This early 1962 Guild M-65 3/4 "Cherry" Freshman is a fairly obscure but great-playing little guitar, one of the Hoboken-based company's nicest original ideas. This one has a cool NYC provenance as well.

Basically a plainer, simpler version of the upscale M-75 Aristocrat, the M-65 has a small 13 1/2" wide fully hollow f-hole body of laminated mahogany with a single pickup in the neck position. This M-65 is 3/4 model with a short 22 3/4 scale fingerboard; it was intended primarily as a student instrument but is still a fully professional quality guitar. The "Cherry" designation on the label marks this as fairly rare variation; most period M-65s carry a sunburst finish top.

This particular M-65 is one of the very first Guilds made in 1962; the serial number is about 40 numbers past the first instrument logged that year. The features are an interesting mix of the old and the new. The bright cherry finish was a new option, recently introduced with the Starfire series. This guitar is built with a laminated mahogany top like those cherry Starfires instead of the maple typically used on sunburst versions. The 1950s-style headstock has a simple silkscreen gold script Guild logo, but with the new 1960s-style metal truss rod cover.

The back is unbound and the top triple bound in celluloid. The mahogany neck has a bound, dot inlaid rosewood fingerboard. This guitar's single pickup is the older Queens, NY-made Franz unit, which was about to be phased out for good in 1962. This white-covered "soapbar" unit gives this guitar a sweeter, mellower tone than the subsequent pickups Guild employed. The newer style label, black plastic knobs with a "G" shield metal cap and back-painted Lucite pickguard are all typical mid-'60s features, while the Guild "Harp" tailpiece, and two-footed wooden-saddle adjustable bridge specific to this model were carried for many years.

This guitar has been in the possession of the amazingly prolific New York guitarist/composer Elliott Sharp for decades. This instrument has been on a number of projects and he detailed its use as follows:

Performance: Used on jazz and blues gigs in the 1980s

Recording: Mofungo: Albums "Work", "Bugged", "Frederick Douglass" and "Messenger Dogs Of The Gods".
Terraplane: album "Blues For Next" on the song "Chemically"
"Binibon: an opera" used on the track "Fun City Days"

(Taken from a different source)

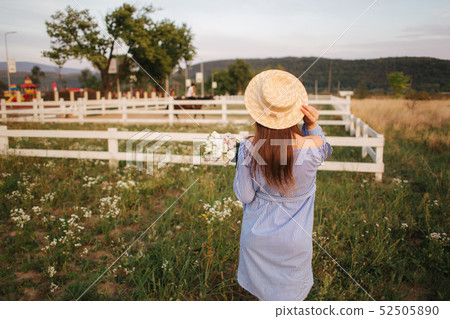 Back view of Beautiful lady. She hold a bouquet of flowers and smile. Background of farm 52505890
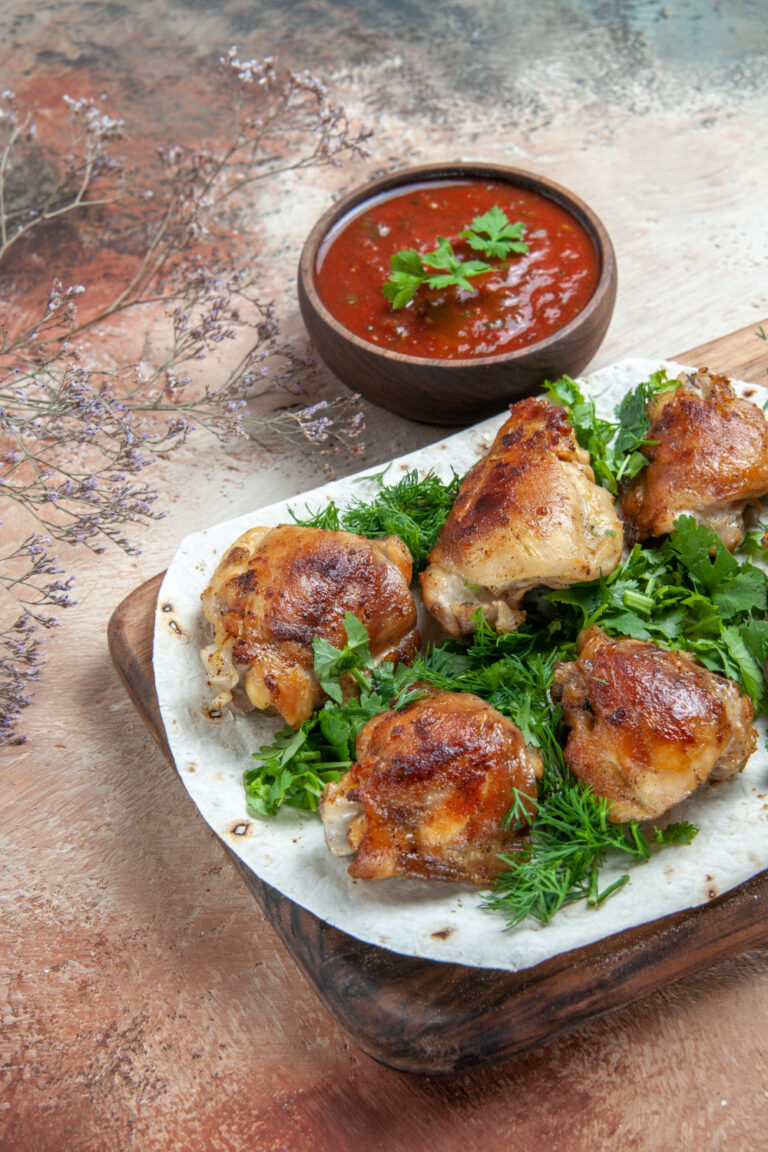 Italian baked chicken leg quarters topped with lemon butter sauce and sun-dried tomatoes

This cherry 3/4 M-65 is a cool variation on this unique Guild, an excellent-playing little guitar for practically any style.
Overall length is 36 3/4 in. (93.3 cm.), 13 5/8 in. (34.6 cm.) wide at lower bout, and 2 1/4 in. (5.7 cm.) in depth, measured at side of rim. Scale length is 22 3/4 in. (578 mm.). Width of nut is 1 5/8 in. (41 mm.).

Overall this is guitar shows signs of long use but remains a nice example; the finish on the back is noticeably more worn than the rest of the instrument. The top is relatively clean with only some small dings and scuffing, the sides a bit more worn. The finish on the back of the neck is down to the wood in the center and has some small dings and dents but nothing too noticeable. The guitar remains all original except for the tuners, which are later '60s Japanese pieces in place of the original strip Waverlys. The frets are slightly crowned down but have only very minor subsequent wear and play fine. This is a super easily handling guitar still in the original brown chipboard case, played in many adventurous situations and ready for new adventures. Overall Excellent - Condition.